4. Welche Kosten kommen bei der Einhaltung der Pflichten auf die Händler zu?
Die Kostenhöhe richtet sich danach, bei welchem Entsorger der sog. Freistellungsvertrag abgeschlossen wurde. Internethändler, die ihre Waren an Kunden in ganz Deutschland liefern, müssen sich demnach auch an ein Unternehmen wenden, das deutschlandweit die bei den privaten Verbrauchern angefallenen Verpackungen entsorgt. Zu diesen Unternehmen gehören z.B. das Duale System Deutschland (DSD), die Interseroh AG, die Redual GmbH & Co. KG.

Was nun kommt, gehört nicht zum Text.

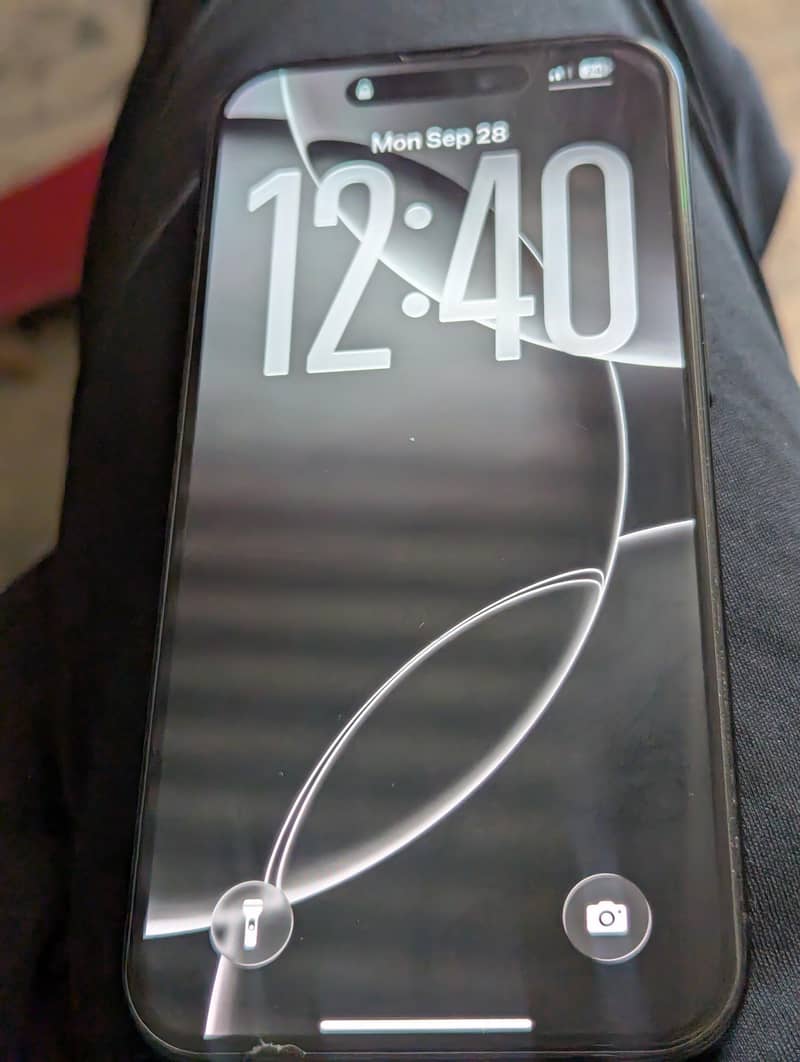 Apple iPhone 16 5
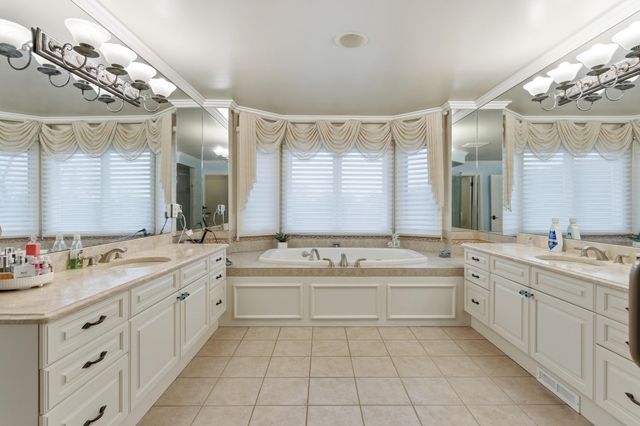 5520 Whitehall Boulevard, Rochester, MI 48306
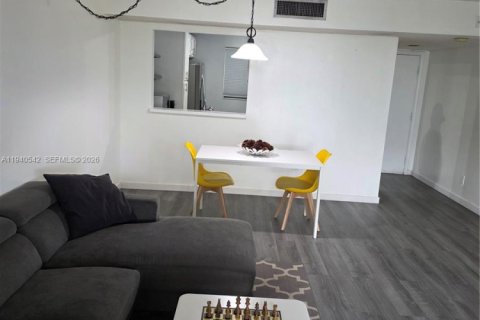 Copropriété à louer à Miami, Floride: 2 chambres, 89.65 m2 № 1997715 - photo 12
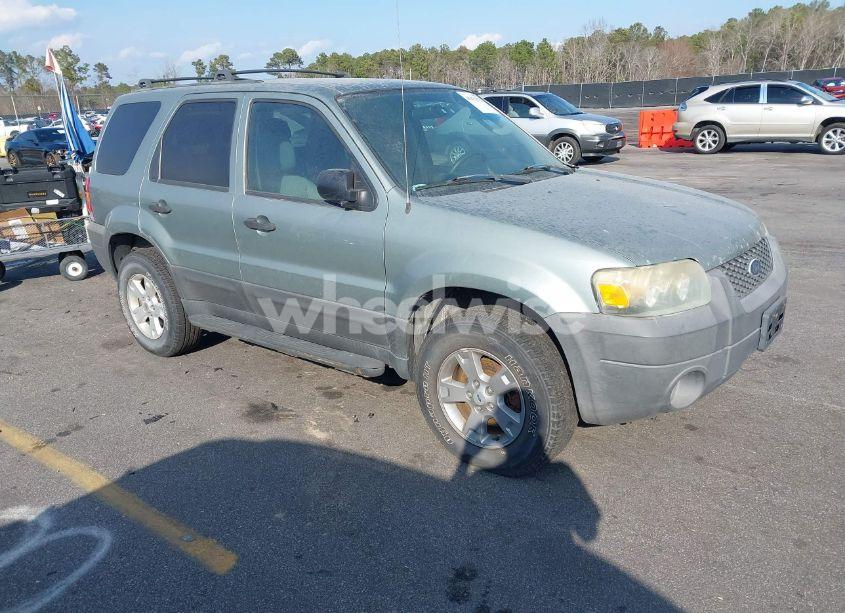 2005 Ford Escape XLT (VIN 1FMCU93195KA07157) main photo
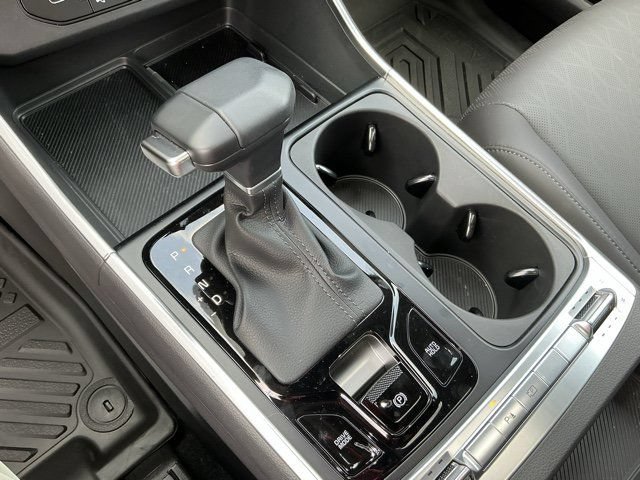 Used 2026 Kia Carnival SX w/ SX Dark Edition Package FWD image 23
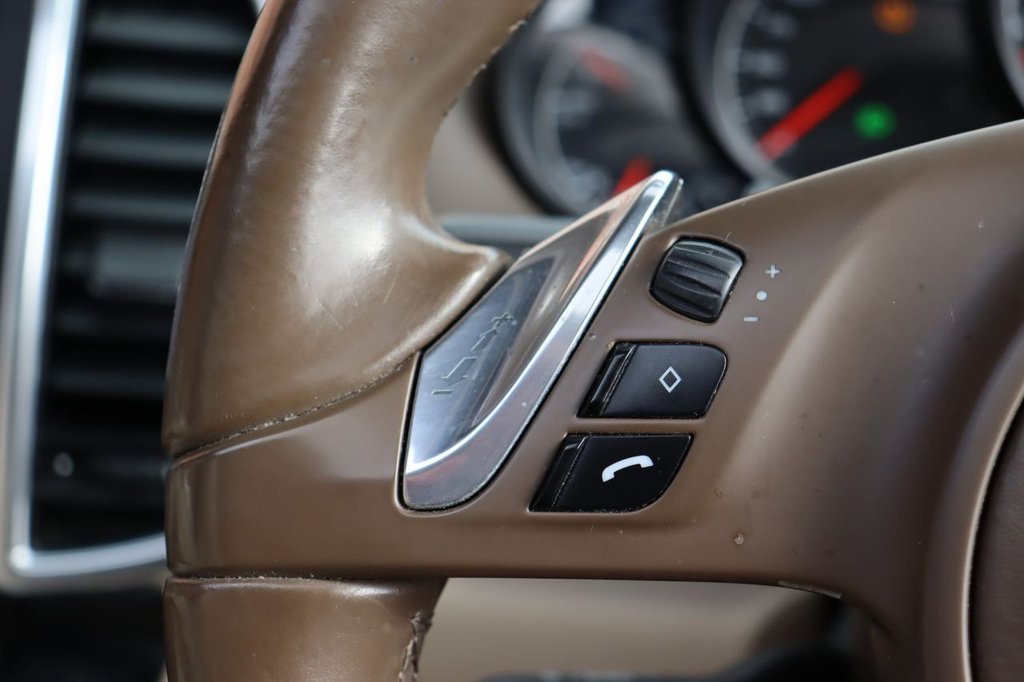 Used Porsche Cayenne 2011 for sale - 76163130: Photo 30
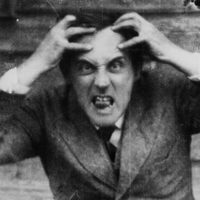 "El loco y la monja", una historia de absurdos y humor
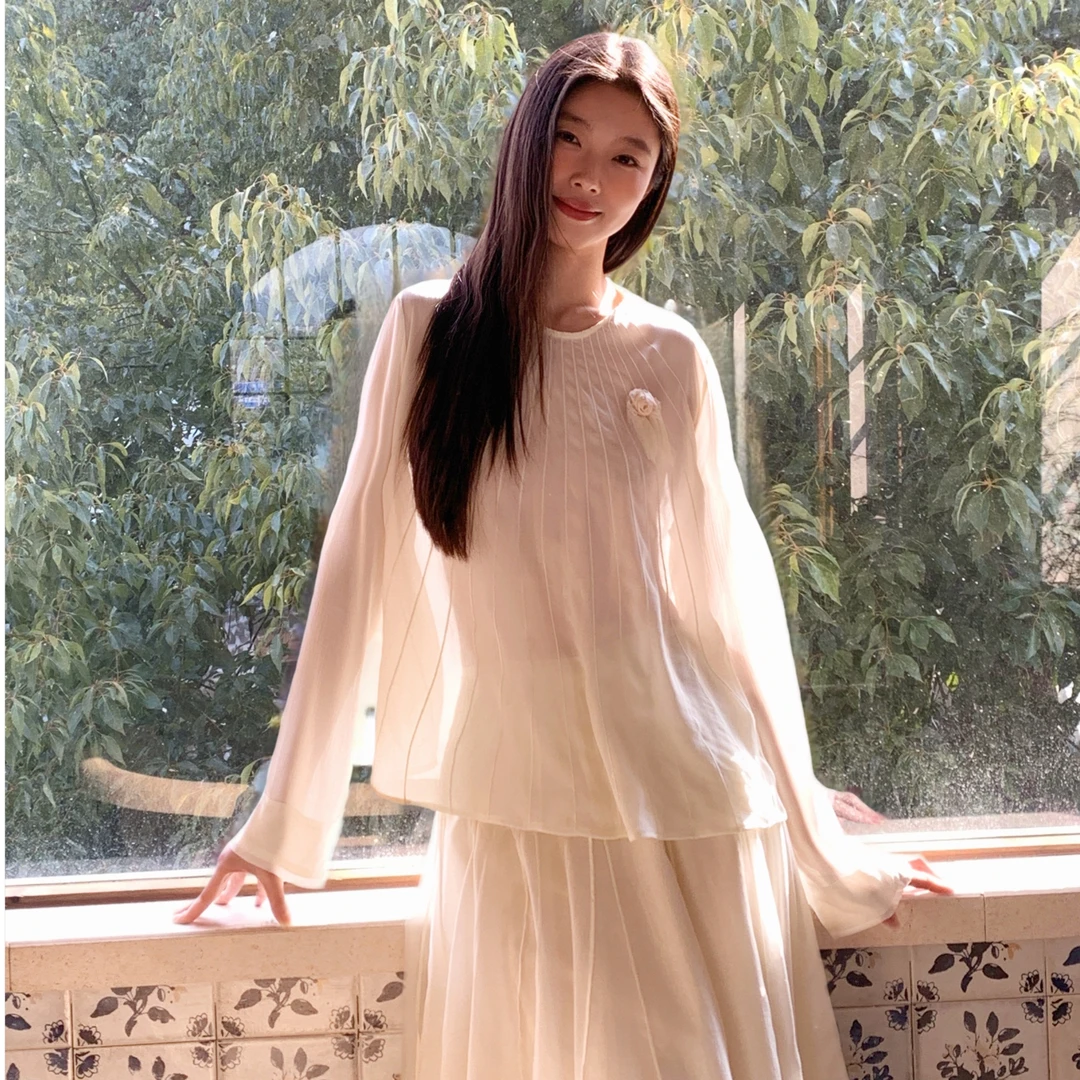 Tebianco白茶｜设计感显瘦立体花朵分割上衣长袖中长款宽松型百搭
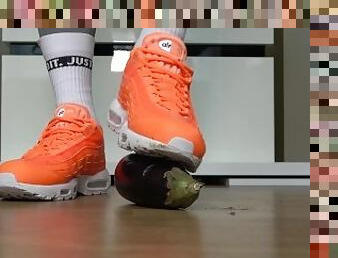 Air Max 95 crushing vegetables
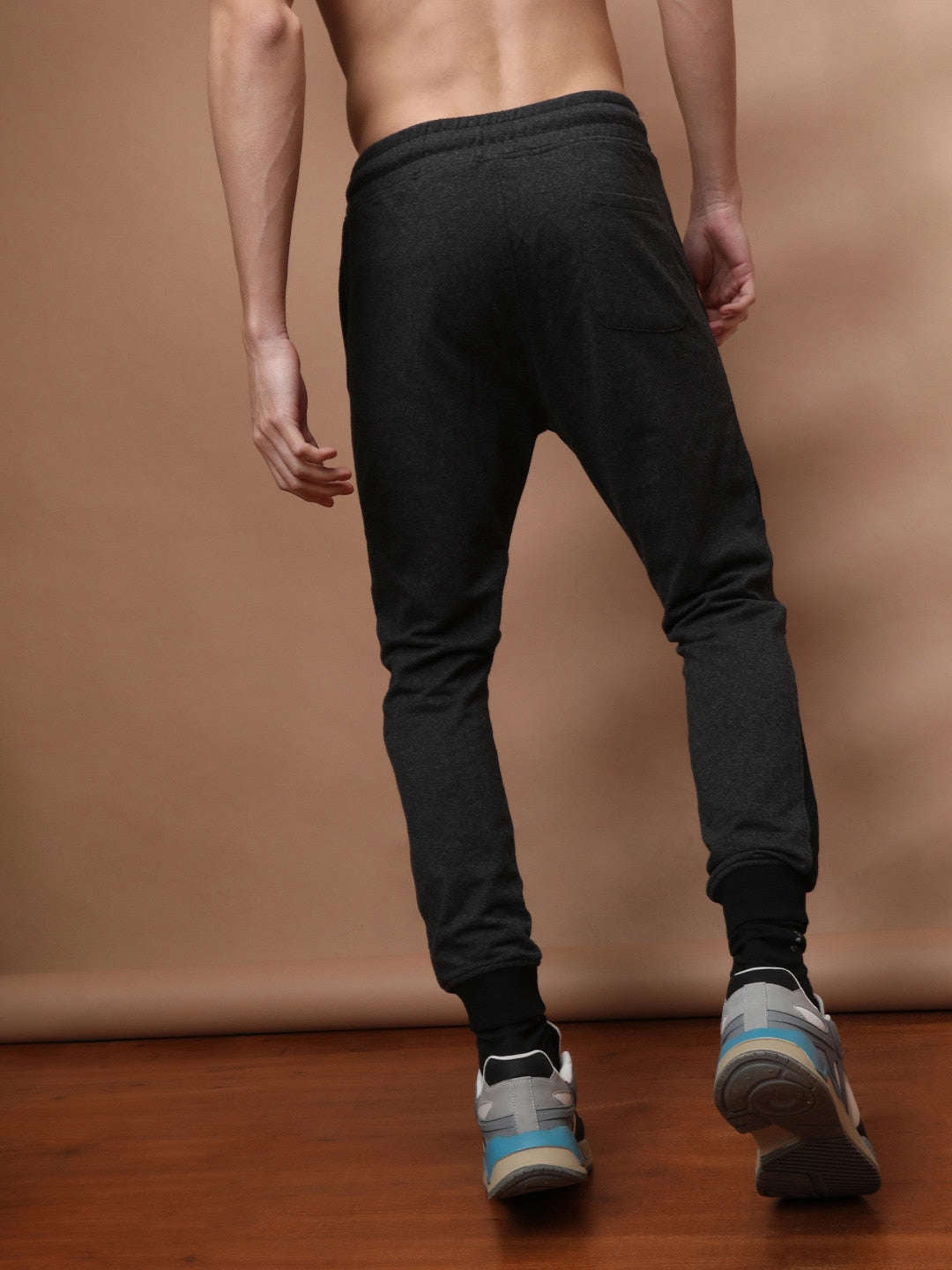 Shop Men Jogger Online.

Das Auktionshaus eBay bietet z.B. eine Kooperation mit der Landbell AG an. Dieses Unternehmen bietet einen Freistellungsvertrag für 150,- Euro zzgl. MwSt. an. Damit sind die gewerblichen eBay-Verkäufer bis zu zwei Jahre von ihren gesetzlichen Rücknahmepflichten befreit. Dieser Betrag deckt ca. 500 Verpackungen von Waren pro Jahr in einem mittelgroßen Pappkarton ab. Darüber hinausgehende Verpackungsmengen werden einzeln abgerechnet.
Internethändlern ist zu empfehlen, vor einer Beteiligung an einem System die Lizenzgebühren der verschiedenen Unternehmen zu vergleichen und das günstigste Angebot für sich herauszusuchen.
5. Welche Kosten und Risiken entstehen bei der Nichtbeachtung?
Der Gesetzgeber möchte seinem Ziel, dass künftig keinerlei Verpackung an die Verbraucher übergeben werden darf, die nicht Bestandteil eines Rücknahmesystems ist, durch Bußgeldvorschriften Nachdruck verleihen. Ein Verstoß gegen die Verpackungsverordnung kann als Ordnungswidrigkeit mit einer Geldbuße von bis zu 50.000,- Euro geahndet werden.
Eine Missachtung dieser Pflichten stellt zusätzlich einen Verstoß gegen das Wettbewerbsrecht dar und kann daher von einem Mitbewerber kostenpflichtig abgemahnt werden. Das Risiko einer Abmahnung ist aber relativ gering, da niemand nur aufgrund des Internetauftritts beurteilen kann, ob der Verantwortliche an einem dualen System beteiligt ist. Dieser hat auch nicht die Pflicht, auf eine solche Beteiligung hinzuweisen. Ein Mitbewerber könnte also zunächst nur auf Verdacht eine Abmahnung aussprechen. In diesem Fall müsste der Internethändler aber einen entsprechenden Freistellungsvertrag vorweisen können, sonst wird es teuer.